User-Agent: Mozilla/5.0 (X11; Linux x86_64; rv:102.0) Gecko/20100101
 Thunderbird/102.11.0
Cancel-Lock: sha1:UOgAcFoT3FMrGWCiGZazzvQP0Po=
Content-Language: en-GB
In-Reply-To: <20241015131241.00006023@yahoo.com>
Bytes: 12740

On 15/10/2024 12:12, Michael S wrote:
> On Tue, 15 Oct 2024 10:53:30 +0200
> David Brown <david.brown@hesbynett.no> wrote:
> 
>> On 14/10/2024 18:08, Michael S wrote:
>>> On Mon, 14 Oct 2024 17:19:40 +0200
>>> David Brown <david.brown@hesbynett.no> wrote:
>>>    
>>>> On 14/10/2024 16:40, Terje Mathisen wrote:

(I'm snipping for space - hopefully not too much.)

>>>>   
>>>>> REP MOVSB on x86 does the canonical memcpy() operation, originally
>>>>> by moving single bytes, and this was so slow that we also had REP
>>>>> MOVSW (moving 16-bit entities) and then REP MOVSD on the 386 and
>>>>> REP MOVSQ on 64-bit cpus.
>>>>>
>>>>> With a suitable chunk of logic, the basic MOVSB operation could in
>>>>> fact handle any kinds of alignments and sizes, while doing the
>>>>> actual transfer at maximum bus speeds, i.e. at least one cache
>>>>> line/cycle for things already in $L1.
>>>>>       
>>>>
>>>> I agree on all of that.
>>>>
>>>> I am quite happy with the argument that suitable hardware can do
>>>> these basic operations faster than a software loop or the x86 "rep"
>>>> instructions.
>>>
>>> No, that's not true. And according to my understanding, that's not
>>> what Terje wrote.
>>> REP MOVSB _is_ almost ideal instruction for memcpy (modulo minor
>>> details - fixed registers for src, dest, len and Direction flag in
>>> PSW instead of being part of the opcode).
>>
>> My understanding of what Terje wrote is that REP MOVSB /could/ be an
>> efficient solution if it were backed by a hardware block to run well
>> (i.e., transferring as many bytes per cycle as memory bus bandwidth
>> allows).  But REP MOVSB is /not/ efficient - and rather than making
>> it work faster, Intel introduced variants with wider fixed sizes.
>>
> 
> Above count of ~2000 byte REP MOVSB on few latest generations of Intel
> and AMD is very efficient.

OK.  That is news to me, and different from what I had thought.

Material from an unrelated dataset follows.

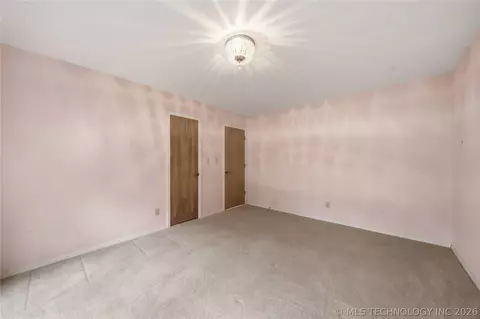 Bedroom - 4201 E 64th St, Tulsa, OK 74136 photo 5 of 7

> One can construct a case where software implementation is a little
> faster in one or another selected benchmark, but typically at cost
> of being slower in other situations.
> For smaller counts a story is different.
> 
>> Could REP MOVSB realistically be improved to be as efficient as the
>> instructions in ARMv9, RISC-V, and Mitch'es "MM" instruction?  I
>> don't know.  Intel and AMD have had many decades to do so, so I
>> assume it's not an easy improvement.
>>
> 
> You somehow assume that REP MOVSB would have to be improved. 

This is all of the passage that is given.